Vitamin C: What Are The Skincare Benefits?
The health benefits of vitamin C have been well documented over the years. Sailors used to take lemons on their journeys to help prevent scurvy (bleeding gums) and these days most of us up our dose of the vitamin if we feel a cold coming along.
Vitamin C is also a celebrated skincare ingredient – and has been since the 1930s. It’s list of benefits is almost endless and therefore there are hundreds of vitamin C creams and serums on the market. And there is an appetite for them; Pinterest saw a whopping 3379 percent rise in vitamin C ‘pins’ last year.
Here is everything you need to know about the popular skincare ingredient.
What is it?
Vitamin C is also known as ascorbic acid and l-ascorbic acid and is found in plenty of food, including citrus fruits and dark leafy greens. As we mentioned above, it is renowned for its multiple health benefits and is available in supplement form for this very reason. Over the years the benefits of applying it topically have been well researched and it is now one of the most Googled skincare ingredients.

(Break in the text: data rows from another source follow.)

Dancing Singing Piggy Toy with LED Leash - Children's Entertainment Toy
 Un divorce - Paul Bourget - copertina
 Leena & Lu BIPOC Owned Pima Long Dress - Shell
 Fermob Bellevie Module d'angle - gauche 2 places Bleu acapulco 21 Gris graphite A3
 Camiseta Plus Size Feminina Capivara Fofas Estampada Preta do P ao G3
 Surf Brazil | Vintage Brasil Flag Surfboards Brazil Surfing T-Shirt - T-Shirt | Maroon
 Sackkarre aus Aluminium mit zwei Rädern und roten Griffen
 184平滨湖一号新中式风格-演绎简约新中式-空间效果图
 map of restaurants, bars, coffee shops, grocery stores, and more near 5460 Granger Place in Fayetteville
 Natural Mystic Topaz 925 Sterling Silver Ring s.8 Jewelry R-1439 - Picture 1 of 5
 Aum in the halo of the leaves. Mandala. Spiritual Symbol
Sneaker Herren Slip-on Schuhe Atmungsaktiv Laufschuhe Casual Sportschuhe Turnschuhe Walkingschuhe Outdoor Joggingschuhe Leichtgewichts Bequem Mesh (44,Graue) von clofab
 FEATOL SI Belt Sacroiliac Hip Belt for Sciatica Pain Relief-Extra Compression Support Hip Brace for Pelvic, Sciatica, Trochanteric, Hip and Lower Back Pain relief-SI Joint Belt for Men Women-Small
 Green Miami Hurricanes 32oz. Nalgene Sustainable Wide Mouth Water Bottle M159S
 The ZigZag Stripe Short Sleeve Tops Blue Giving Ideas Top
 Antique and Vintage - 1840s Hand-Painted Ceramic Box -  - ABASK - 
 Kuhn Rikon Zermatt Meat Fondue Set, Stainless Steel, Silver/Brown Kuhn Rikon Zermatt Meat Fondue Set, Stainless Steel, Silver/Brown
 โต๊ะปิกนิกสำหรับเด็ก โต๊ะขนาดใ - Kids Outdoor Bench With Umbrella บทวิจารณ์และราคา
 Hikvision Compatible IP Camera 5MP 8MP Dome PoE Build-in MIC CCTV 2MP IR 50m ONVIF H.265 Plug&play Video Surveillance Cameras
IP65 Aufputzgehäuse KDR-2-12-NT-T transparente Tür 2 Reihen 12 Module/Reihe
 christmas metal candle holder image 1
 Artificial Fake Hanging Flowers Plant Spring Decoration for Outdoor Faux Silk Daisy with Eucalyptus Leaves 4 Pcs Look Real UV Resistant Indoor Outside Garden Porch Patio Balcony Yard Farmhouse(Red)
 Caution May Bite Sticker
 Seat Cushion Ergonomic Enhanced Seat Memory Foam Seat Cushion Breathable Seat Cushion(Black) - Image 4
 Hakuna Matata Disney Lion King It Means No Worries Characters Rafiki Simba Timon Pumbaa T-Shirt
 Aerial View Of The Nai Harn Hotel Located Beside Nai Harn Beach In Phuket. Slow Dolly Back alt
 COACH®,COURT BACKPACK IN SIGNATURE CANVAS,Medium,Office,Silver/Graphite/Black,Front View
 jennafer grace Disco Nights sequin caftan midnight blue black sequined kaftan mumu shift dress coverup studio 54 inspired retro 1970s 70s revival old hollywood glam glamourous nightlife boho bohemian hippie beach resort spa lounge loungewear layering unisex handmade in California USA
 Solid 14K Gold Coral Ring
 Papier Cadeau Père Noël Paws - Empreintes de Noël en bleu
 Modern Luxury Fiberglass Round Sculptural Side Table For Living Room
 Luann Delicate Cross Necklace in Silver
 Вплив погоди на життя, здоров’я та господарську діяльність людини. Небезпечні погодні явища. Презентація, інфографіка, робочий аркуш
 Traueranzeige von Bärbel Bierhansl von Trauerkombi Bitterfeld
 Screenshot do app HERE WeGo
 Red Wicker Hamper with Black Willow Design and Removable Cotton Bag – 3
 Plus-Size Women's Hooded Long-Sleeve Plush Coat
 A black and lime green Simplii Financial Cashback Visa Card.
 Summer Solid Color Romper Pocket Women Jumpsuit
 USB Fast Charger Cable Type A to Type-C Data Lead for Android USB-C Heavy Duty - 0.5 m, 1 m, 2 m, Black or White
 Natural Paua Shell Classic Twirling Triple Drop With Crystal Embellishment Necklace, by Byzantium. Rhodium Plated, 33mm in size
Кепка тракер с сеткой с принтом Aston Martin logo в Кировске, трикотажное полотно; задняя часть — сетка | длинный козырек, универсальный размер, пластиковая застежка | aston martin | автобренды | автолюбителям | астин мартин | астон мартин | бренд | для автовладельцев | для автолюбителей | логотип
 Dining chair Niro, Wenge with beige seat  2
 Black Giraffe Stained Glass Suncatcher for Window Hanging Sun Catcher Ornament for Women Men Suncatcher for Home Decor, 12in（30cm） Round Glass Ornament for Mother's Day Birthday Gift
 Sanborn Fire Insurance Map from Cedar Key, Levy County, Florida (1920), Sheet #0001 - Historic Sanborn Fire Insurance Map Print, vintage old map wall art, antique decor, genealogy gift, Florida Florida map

What are the skincare benefits?
Its antioxidant powers makes vitamin C a good defender against environmental aggressors. Studies have also revealed the close link between the vitamin and a lift in collagen and elastin production, as well as a reduction in pigmentation.
What is the best form of vitamin C?
Vitamin C comes in many different forms. L-ascorbic acid is the most potent form, however is it incredibly tricky to stabilise in formulas. As a result, ascorbyl-6-palmitate and magnesium ascorbyl phosphate are the most commonly used forms of vitamin C in skincare as they’re more stable, but are diluted as they require more conversions in your skin.
It’s not just the form on vitamin C, but also the amount that counts. Studies have shown that 20 percent is the maximum amount that our skin can absorb and a higher percentage could cause irritation. Therefore, experts recommend opting for formulas that contain ten to 20 percent. That said, a lot of formulas compensate for loss and offer a slightly higher percentage to ensure that the amount your skin receives is around the 20 percent mark.
How should you use vitamin C?
The photosensitive natural means that vitamin C is best used overnight or with a good quality SPF during the day. Some skin types can find it a little irritating, so start by using it two-to-three times a week, rather than every night. It’s not unusual to feel a slight tingling when you first apply it or your skin to feel a little itchy, but if you have a stronger reaction we recommend rinsing it off.
Which vitamin C serum is best?
The issue with vitamin C is that is it tricky to formulate as it is incredibly unstable. Exuviance’s AF Vitamin C20 Serum Capsules, £59, which are on pre-order only at the moment, contain 20 percent l-ascorbic acid. The capsule is biodegradable and the formula is both oil and fragrance free. Those with sensitive skin may still feel a slight tingle for the first couple of times, but the formula is largely non-irritating. Obviously, these are at the higher end in terms of cost averaging at £1 per use.
For those on a smaller budget, it is worth looking at Garden of Wisdom’s Vitamin C 23% + Ferulic Acid Serum, £10. The formula includes an extra boost of antioxidants courtesy of ferulic acid and a hit of hydration with hyaluronic acid. Otherwise, Lixirskin Vitamin C Paste, £32, contains 10 percent l-ascorbic acid formulated with glycerin to treat skin without causing it to dry out. Derma E Vitamin C Concentrated Serum, £22, uses sodium ascorbyl phosphate.
If your skin is very sensitive, start by using Derma E’s Even Tone Brightening Cleanser, £15, which contains a low dose of sodium ascorbyl phosphate to help improve your skin tone.
As with most ingredients, it will take a couple of weeks to notice any real difference to your skin, but vitamin C is one of the most researched and worth exploring.